Skyers made his case financially to senior management. "I showed them how much money they were wasting by not doing it my way," he said. "We look at what's business data and what's not. You would have to present a business case to me to store something on my SAN."
Marcellus Tabor, who manages the data protection team at Yahoo, took a diplomatic approach. "We're less like the Wild West and more like the United Nations," he said. "My users are very diverse. We have the big groups and then groups that are smaller in stature but big revenue producers." He said his staff and business leaders hold weekly meetings to discuss backup policy. "We decide how much of a percentage of what we need to back up is backed up," he said.
The panelists agreed that they don't always get the tools they need from storage vendors, at least not without cajoling. Tabor and Greenberg said their companies use home-grown applications to supplement vendor software, while Skyers said he primarily uses off-the-shelf software but writes scripts to fill some holes.
Yahoo's Tabor leverages the best features of its vendors' products and builds applications to do the rest. "It's public knowledge we use a lot of NetApp," he said. "For backup, NetApp is good at giving up-to-the-minute performance statistics on backup failures that our home-grown tool can't do. But with home-grown stuff, we can plug in other features we want."
Skyers uses backup software from CommVault Systems Inc. and said he particularly likes the way it exports data in XML. But, he said, "With off-the-shelf software, there's always something missing." Having "a very adversarial relationship" with vendors sometimes helps him get what he needs, he added.
Compliance adds to the chaos
Compliance with legal regulation now plays a big role in data protection and brings lawyers into the decisions about what gets kept and what gets deleted.

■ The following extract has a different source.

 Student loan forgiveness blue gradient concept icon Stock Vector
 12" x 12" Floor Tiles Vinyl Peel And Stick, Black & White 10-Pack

Skyers said his company had 300% data growth this year, putting a strain on his storage infrastructure. "Next year, our data growth [chart] will be a straight line up, and it's all due to regulations," he said. "We have to store every piece of data around a transaction. But the fact that I have to keep it around so long increases the chances that somebody's going to get it."
Greenberg said his financial services company has regulated data and nonregulated data, and treats them differently for compliance reasons. "Lawyers come in two varieties: Some say destroy everything now or keep everything forever," he said. His company keeps regulated data but has a quick trigger for much of the rest. "Our traders' system gets replicated in real time," he said. "HR, we replicate once a day." But nonregulated emails get deleted in a day.